(Description of the task) Take the lines below beginning at the line that has "Дом 85м&sup2;, 1-этажный, участок 3 сот." and stopping after the line that has "TURBOSOUND Milan M12", and print them exactly as they are, with no other lines.

(Source material)

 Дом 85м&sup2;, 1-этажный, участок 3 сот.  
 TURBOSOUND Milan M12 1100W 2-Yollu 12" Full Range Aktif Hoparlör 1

==

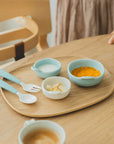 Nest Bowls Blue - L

(Solution to this task)
 Дом 85м&sup2;, 1-этажный, участок 3 сот.  
 TURBOSOUND Milan M12 1100W 2-Yollu 12" Full Range Aktif Hoparlör 1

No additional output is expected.